Note that it uses \(\alpha\), rather than \(\beta_0\), to represent intercepts by default.

  1. For which predictions can you reject the null hypothesis \(H_0: \beta_j = 0\)?

For \(\beta_1\) (Price) and \(\beta_3\) (US).

  1. Fit a smaller model with just the predictors in (d).
lm_sales_price_us_fit <- linear_reg() %>%
  fit(Sales ~ Price + US, data = carseats)
tidy_custom(lm_sales_price_us_fit) %>%
  gt()
term coefficient std.error t-statistic p-value
(Intercept) 13.031 0.6310 20.65 <0.001
Price -0.054 0.0052 -10.42 <0.001
USYes 1.200 0.2585 4.64 <0.001
  1. How well do the model fits the data?
bind_rows(
  bind_cols(model = "small", glance(lm_sales_price_us_fit)),
  bind_cols(model = "full", glance(lm_sales_price_urban_us_fit))
) %>%
  transmute(
    model, R2 = round(r.squared, 3), RSE = round(sigma, 3)
  ) %>%
  gt()
model R2 RSE
small 0.239 2.469
full 0.239 2.472

Excluding Urban makes no difference to \(R^2\).
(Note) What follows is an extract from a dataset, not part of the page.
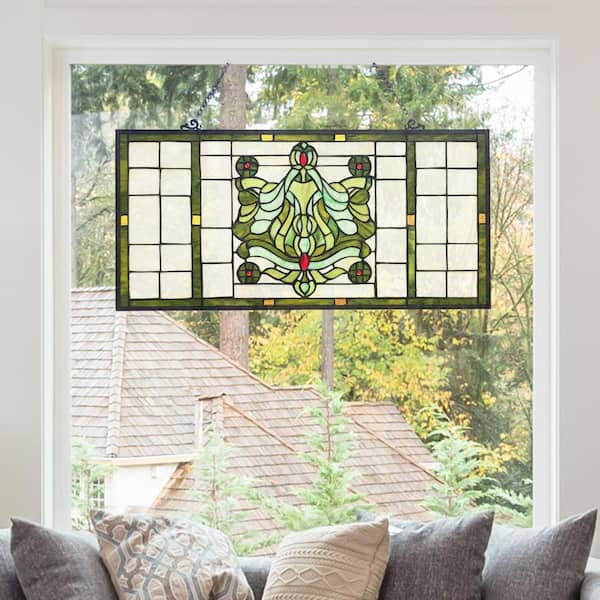 River of Goods Green Victorian Stained Glass Window Panel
Run an \(F\)-test as well:

anova(
  extract_fit_engine(lm_sales_price_urban_us_fit),
  extract_fit_engine(lm_sales_price_us_fit)
)
## Analysis of Variance Table
## 
## Model 1: Sales ~ Price + Urban + US
## Model 2: Sales ~ Price + US
##   Res.Df    RSS Df Sum of Sq      F Pr(>F)
## 1    396 2420.8                           
## 2    397 2420.9 -1  -0.03979 0.0065 0.9357
  1. Obtain 95% confidence intervals for the coefficients from (e).
tidy(lm_sales_price_us_fit, conf.int = 0.95) %>%
  transmute(
    term, across(c(estimate, conf.low, conf.high), round, 3)
  ) %>%
  gt()
term estimate conf.low conf.high
(Intercept) 13.031 11.790 14.271
Price -0.054 -0.065 -0.044
USYes 1.200 0.692 1.708
  1. Is there evidence of outliers or high leverage observations in the model from (e)?
lm_sales_price_us_fit %>%
  performance::check_model(check = "outliers")

No evidence of outliers or high leverage points.

13. Simple linear regression to simulated data

set.seed(1)
  1. Generate 100 observations from \(N(0,1)\).
x <- rnorm(100, 0, 1)
  1. Generate 100 observations from \(N(0, 0.25)\).
eps <- rnorm(100, 0, 0.25)
  1. Generate \(Y = -1 + 0.5 X + \epsilon\)
y <- -1 + 0.5 * x + eps
length(y)
## [1] 100

\(\beta_0\) = -1, and \(\beta_1\) = 0.5.

  1. Scatterplot between x and y.
d <- tibble(x, y)
p <- ggplot(d) +
  geom_point(aes(x, y))
p  

  1. Fit the simple linear regression and compare estimates to simulation parameters.
lm_y_x <- lm(y ~ x, data = d)
tidy_custom(lm_y_x) %>% gt()
term coefficient std.error t-statistic p-value
(Intercept) -1.009 0.0242 -41.63 <0.001
x 0.500 0.0269 18.56 <0.001

\(\hat{\beta_0}\) and \(\hat{\beta_1}\) are very close (essentially equal) to the simulation values.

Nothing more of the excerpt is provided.